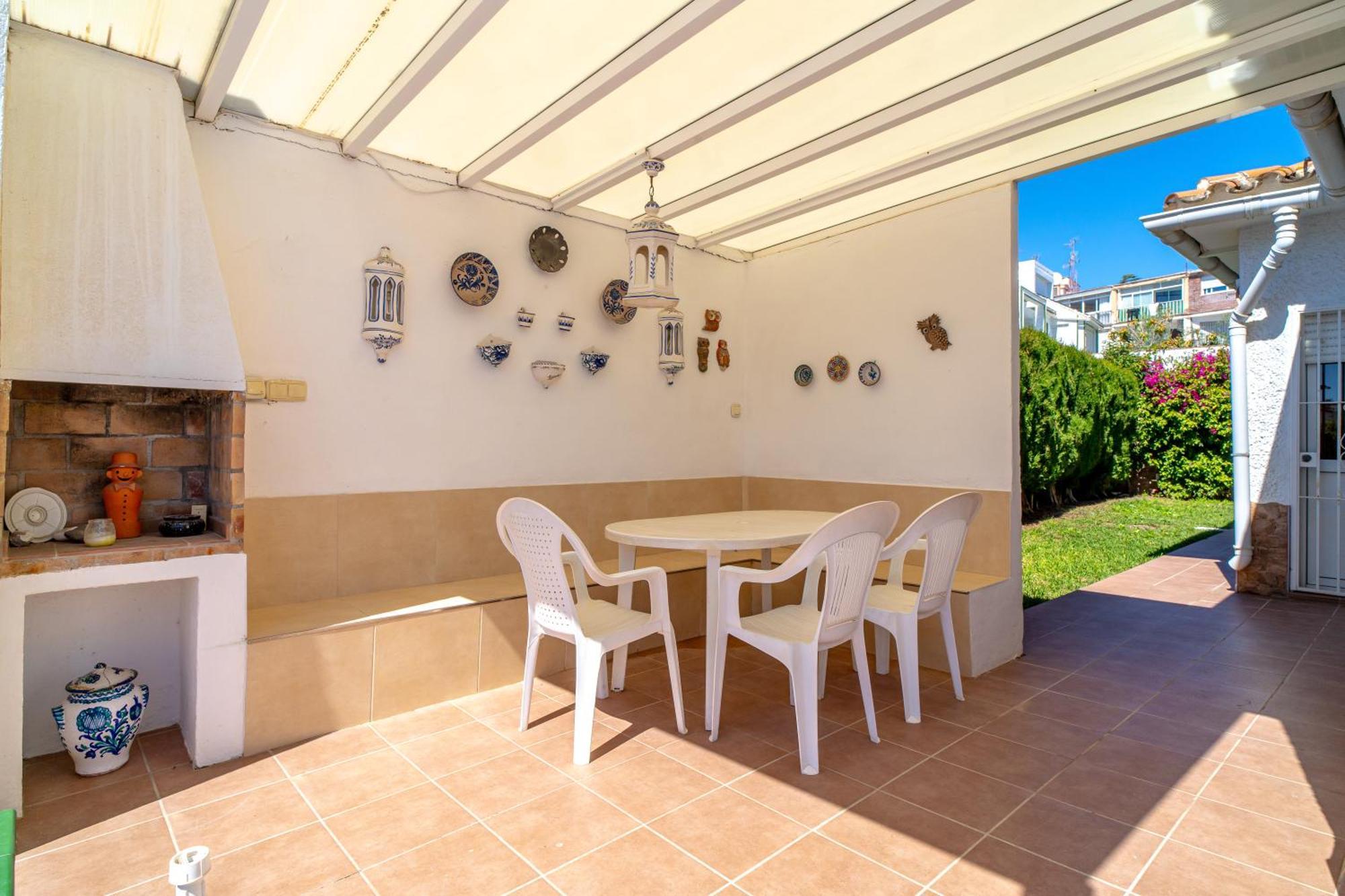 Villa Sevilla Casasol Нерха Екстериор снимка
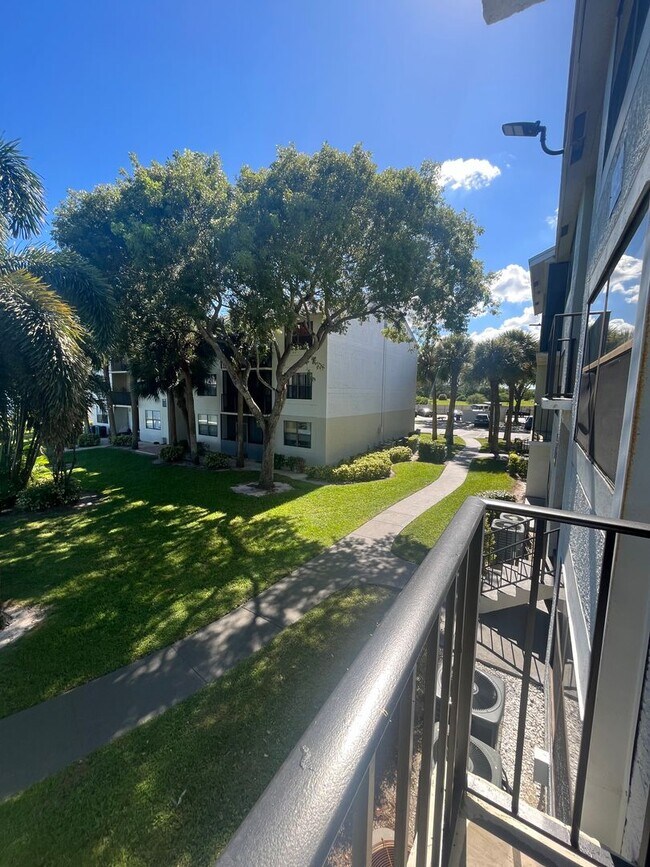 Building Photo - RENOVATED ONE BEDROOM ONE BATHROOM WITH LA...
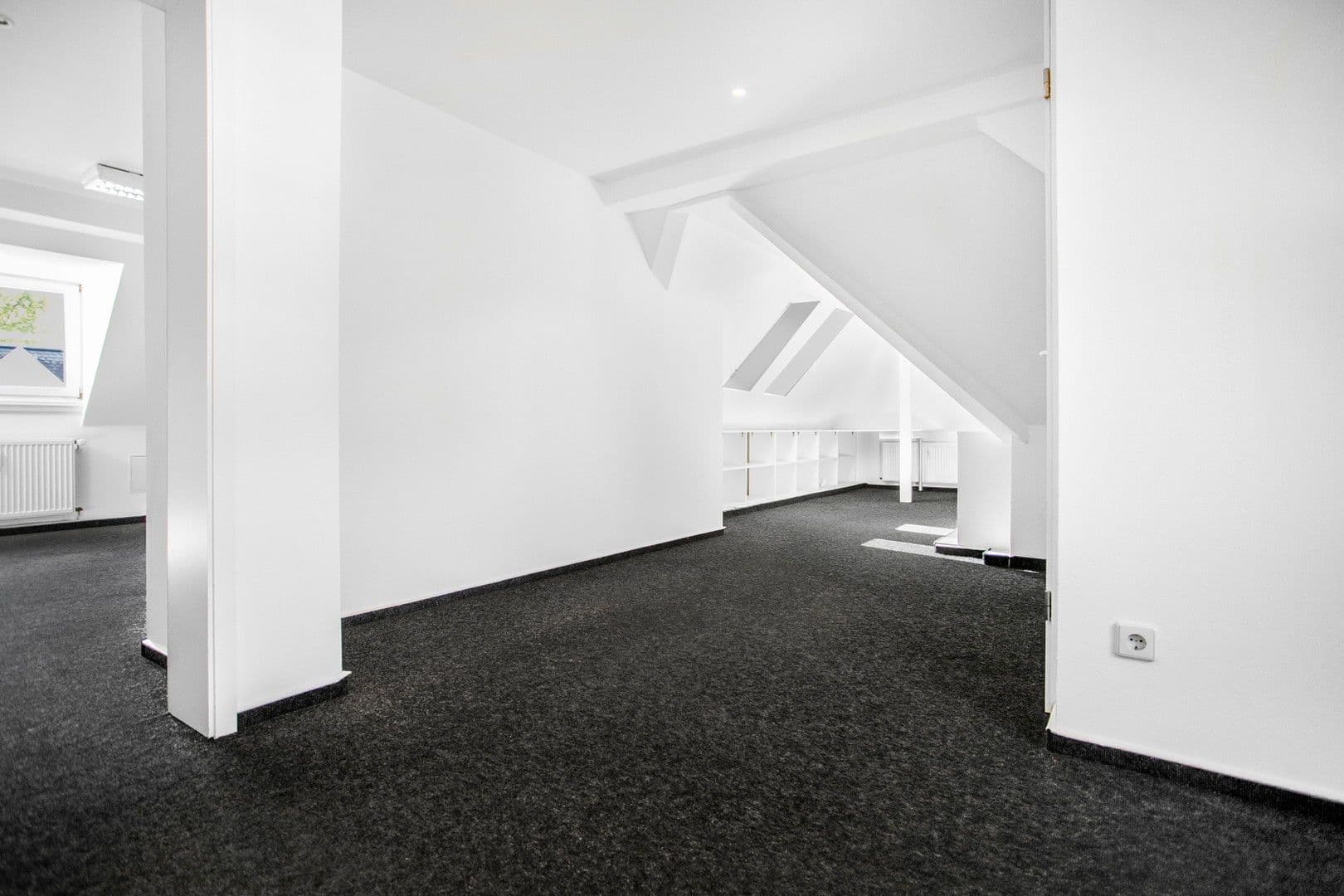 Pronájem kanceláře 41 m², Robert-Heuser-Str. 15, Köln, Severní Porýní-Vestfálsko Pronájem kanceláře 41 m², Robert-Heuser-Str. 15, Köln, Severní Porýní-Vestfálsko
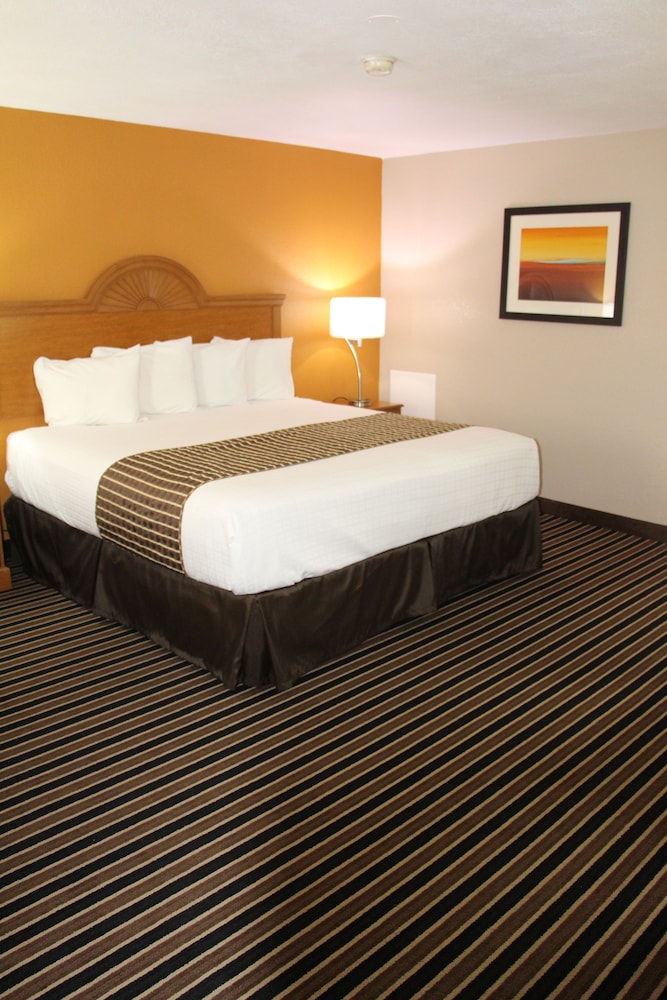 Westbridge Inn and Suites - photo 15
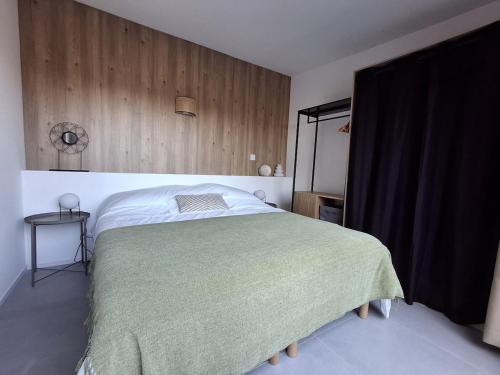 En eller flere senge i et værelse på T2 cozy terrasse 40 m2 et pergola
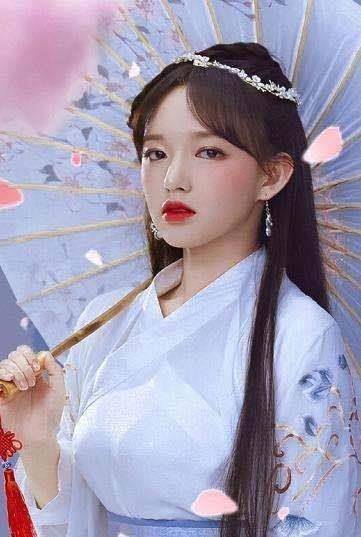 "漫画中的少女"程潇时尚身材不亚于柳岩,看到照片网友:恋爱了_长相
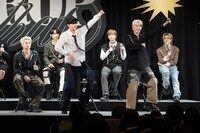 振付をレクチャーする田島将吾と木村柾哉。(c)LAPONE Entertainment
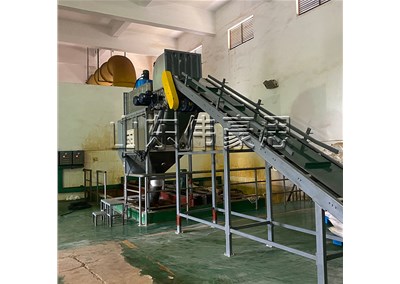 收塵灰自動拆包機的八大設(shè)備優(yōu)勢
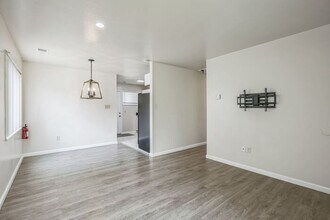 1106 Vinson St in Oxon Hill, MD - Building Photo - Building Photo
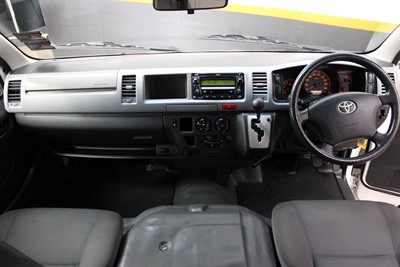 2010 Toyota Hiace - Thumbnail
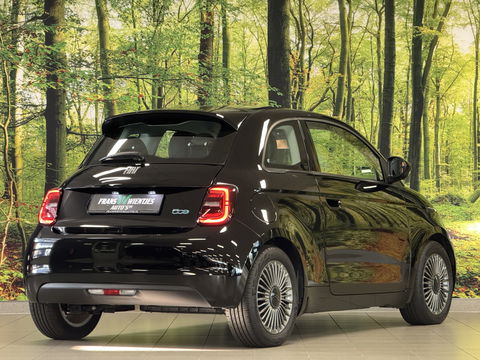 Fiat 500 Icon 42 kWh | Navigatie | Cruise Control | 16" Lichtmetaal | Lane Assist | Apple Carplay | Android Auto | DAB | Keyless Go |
━━━━
> About this task
Output the line that contains "1106 Vinson St" and every subsequent line through the end of the entries, exactly as given, without pictures.

> Answer for this exercise
 1106 Vinson St in Oxon Hill, MD - Building Photo - Building Photo
 2010 Toyota Hiace - Thumbnail
 Fiat 500 Icon 42 kWh | Navigatie | Cruise Control | 16" Lichtmetaal | Lane Assist | Apple Carplay | Android Auto | DAB | Keyless Go |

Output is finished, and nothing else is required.